We see that the Alasken Snoked Porter was the best individual drink by brewery and city; winning 11 awards. Let’s see how it performed over the years.

beer_awards_fct %>%
  filter(beer_name == "Alaskan Smoked Porter") %>%
  ggplot(aes(x=year,y=medal,group=1))+
  geom_line(lty=3)+
  geom_point(aes(col=medal),size=6,show.legend = FALSE)+
  theme_classic()+
   scale_color_manual(values=medal_colors)+
  labs(title="The Comeback of Alaskan Smoked Porter",subtitle="In the Catergory of Smoke-Flavored Beer",x="Year",y=NULL)

We see that Alaskan Smoked Porter was very popular during the early to mid 90s, but became less popular over time. It saw a resurgence in popularity in 2005 where it won gold.

  top_beers = beer_awards_fct %>%
  count(beer_name,brewery,city,state)%>%
  slice_max(order_by = n, n=15) %>%
  mutate(beer_name = fct_reorder(beer_name,-n))%>%
  select(beer_name,city)
  
  top_beers %>%
  inner_join(y=beer_awards_fct,by=c("beer_name","city"))%>%
  ggplot(aes(x=year,y=medal,group=1))+
  geom_line(lty=3)+
  geom_point(aes(col=medal),size=3,show.legend = FALSE)+
  facet_wrap(~beer_name)+
  theme_bw()+
   scale_color_manual(values=medal_colors)+
  labs(title="Top Award Winning Beers",subtitle="Performance over Time For Beers Made By Unique Breweries In Cities",x="Year",y=NULL)

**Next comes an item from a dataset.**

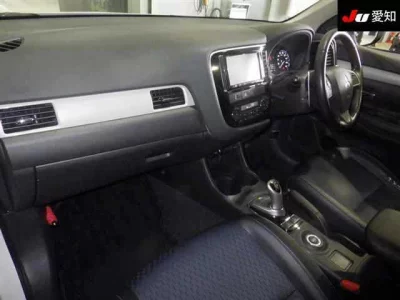 Mitsubishi OUTLANDER PHEV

And finally, we see can see how the top awarding winning beers performed over time. We see that that Samuel Adams Double Bock performed very well and was the second best beer crafted by an individual brewery, it won the most amount of gold medals. We can also see that Belgian Red had all but one if it’s medals as gold, showing a very high performance in the rankings.